Statistical analysis was performed using software R.v.11.0 and SPSS v15.0. (SPSS Inc., Chicago, IL, USA). The variables considered were morphological classification of VMT (V-shaped or J-shaped); diameter classification of VMT (focal or diffuse); CMT (micron) and the maculopathies (absent or present): retinoschisis; retinal irregularity; MH; subfoveal retinal detachment; ERM and CME. For statistical purposes, the decimal BCVA values were converted to the logarithm of the minimum angle of resolution (logMAR) visual acuity. The concordance between the classification proposals was analyzed using the kappa coefficient. The association between the maculopathies and the classifications was analyzed using the Fisher test and the relation between maculopathies and CMT was studied based on Mann-Whitney nonparametric test. For all analyses, P<0.05 was considered significant.

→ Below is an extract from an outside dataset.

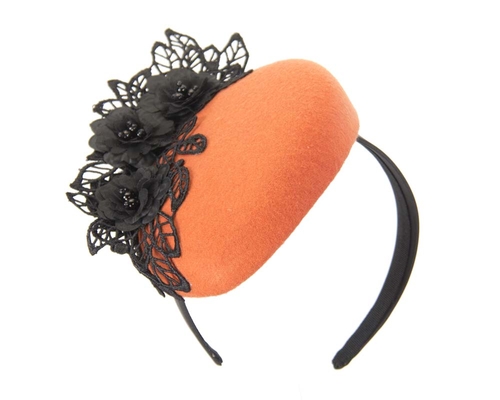 Orange & black winter pillbox with lace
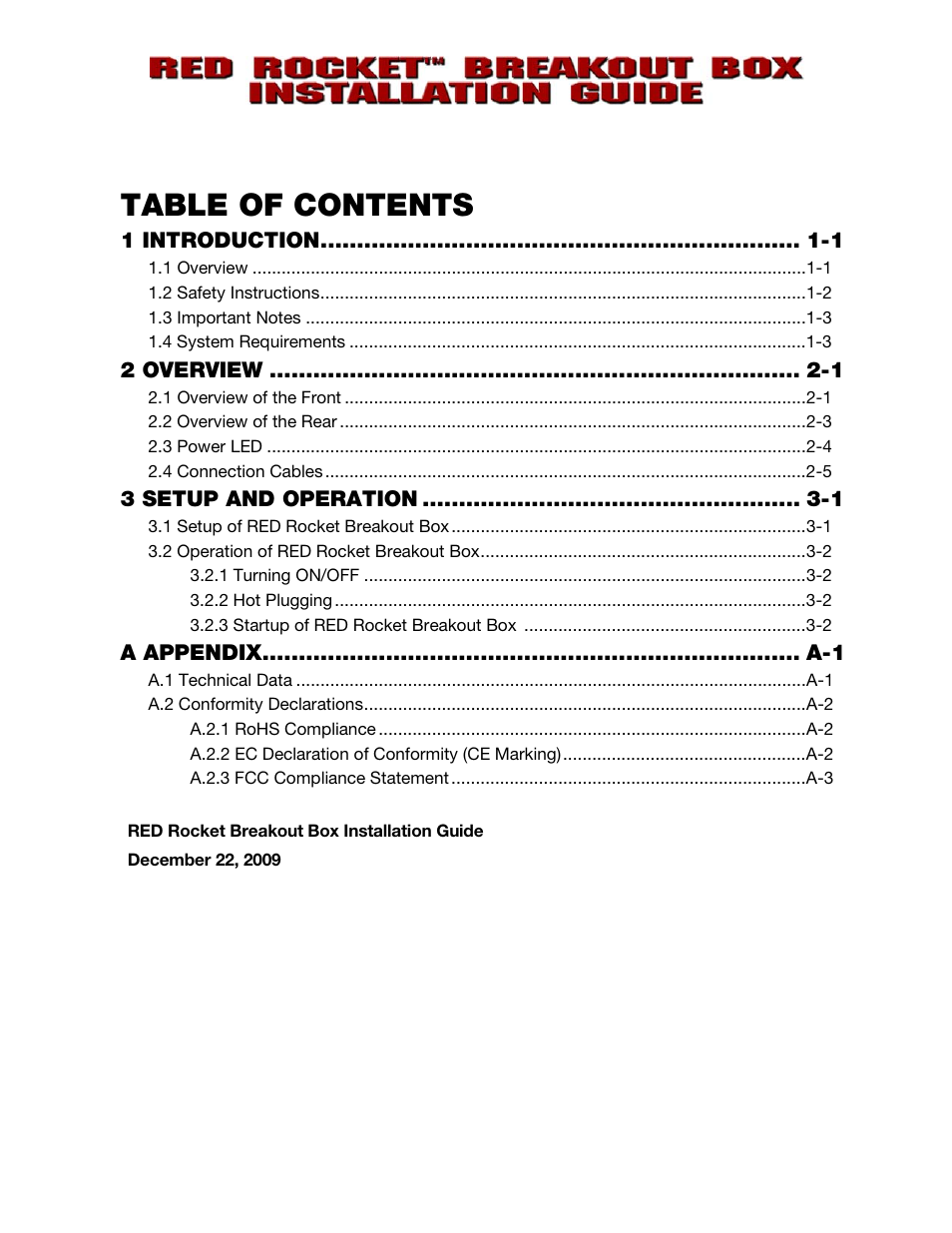 RED ROCKET BREAKOUT BOX User Manual | Page 3 / 20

We certify that all applicable institutional and governmental regulations concerning the ethical use of human volunteers were followed during this research.
Results
Fifty-three patients (mean age, 63 years; range, 27–79 years) with the diagnosis of VMT syndrome were evaluated. Thirty patients were men (57%). The mean duration of symptoms (low visual acuity and/or metamorphopsia) was 10 months.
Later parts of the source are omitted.